Butler concedes those points, but says he can't be responsible for what his followers do once they leave the 20-acre Aryan compound north of Hayden Lake. "When a guy comes to church and leaves, he is his own man, isn't he?" Butler said.

Butler said the Aryan guards were given written and verbal instructions that they were "on their own" once they left the Aryan compound. Much of Butler's work "has been behind the scenes," said Dina Tanners, who co-founded the Kootenai County Human Rights Task Force in response to the Aryan Nations.

"But he has sparked so many others, I believe, who have committed crimes," said Tanners, a Jewish activist and college instructor who lives in Spokane. The Aryan Nations compound continues to pump out racist literature that's mailed worldwide, including to various prisons. It also hosts the annual Aryan Congress, which attracts a shifting array of racists and anti-government types.

The Aryan Nations had one of the first Internet "hate sites," carrying Butler's message worldwide. Butler said he isn't losing sleep as the trial in Coeur d'Alene nears. "I haven't even thought about it," he said when asked about the prospect of losing the suit and being forced to turn the keys to his Hayden Lake compound over to Dees.

"I will leave that up to destiny and God," he said. Butler frequently launches into diatribes against Jews and anti-Aryan whites -- "race traitors who are the Jews' puppets." "The white man is now on trial," he said. "Hate laws are against him. "No hate laws can be applied to a nonwhite," Butler said. "That makes the white man a third-class citizen, in my mind." Butler said if he prevails in the forthcoming trial, he intends to bring his own suit.

"I am going to try to recover legal costs, and monetary damages for pain and suffering," he said. Butler said he worries only about legal costs associated with defending himself and the Aryan Nations. He said he is setting aside $600 of his monthly $800 Social Security check for legal costs.

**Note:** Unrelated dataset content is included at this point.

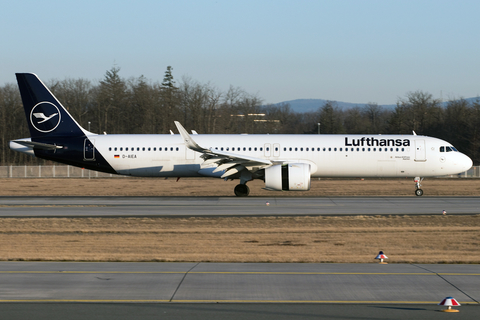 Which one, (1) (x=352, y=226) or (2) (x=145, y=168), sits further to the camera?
(2) (x=145, y=168)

He is represented by attorney Edgar Steele of Sandpoint. "I think he's doing an excellent job against terrible odds," Butler said of Steele. Butler's also pleading for donations, but didn't offer an estimate of how much he's raised.

"What I feel is there is a lot of support here for us," Butler said. "There are a lot of people who don't think we should be run out." Other white supremacists are voicing support for him, Butler said. "We have received calls from people wanting to come for the trial. I have tried to discourage them because the courtroom is only so big." Soon after moving to North Idaho, Butler made headlines in 1975 when he and his "Christian Posse Comitatus" tried to arrest a police officer in the Kootenai County Courthouse. Butler narrowly avoided arrest.

In 1976, Butler and Posse Comitatus member Harold Hunt were charged with threatening a man with a pistol. Butler was acquitted. In 1980, Butler and three of his followers were convicted of trespassing at a Boise motel. The Red Lion Inn had canceled a scheduled meeting by the Aryan Nations.

In 1998, Butler was convicted of obstructing a sheriff's deputy during a pepper spray fracas outside the Aryan compound. Earlier, he was convicted of trespassing for handing out literature at a hotel in Coeur d'Alene. Butler, who survived bypass surgery in 1987, still conducts Sunday services at his Church of Jesus Christ Christian at the compound. Typically, a couple dozen people show up.

On weekdays, Butler walks from an old farmhouse, where he lives with his German shepherd, Fritz, to the tiny Aryan Nations office. He opens mail and checks with a small staff of volunteers who run the office. They answer the telephone and mail Aryan literature to those requesting it.

Pictures of Adolf Hitler and Bob Mathews, who left the Aryan Nations to form a terrorist group known as The Order, are on the office walls. His wife, Betty, died in 1995, and he still talks about missing her, associates say.

He has two daughters, one of whom lives in Coeur d'Alene, but they do not actively support their father's racist views. He doesn't regret his leadership role in the white supremacy movement for the past three decades, Butler said.

"It feels very good. I have no regrets, nope, none whatsoever. I feel privileged that I was allowed to embark on this course."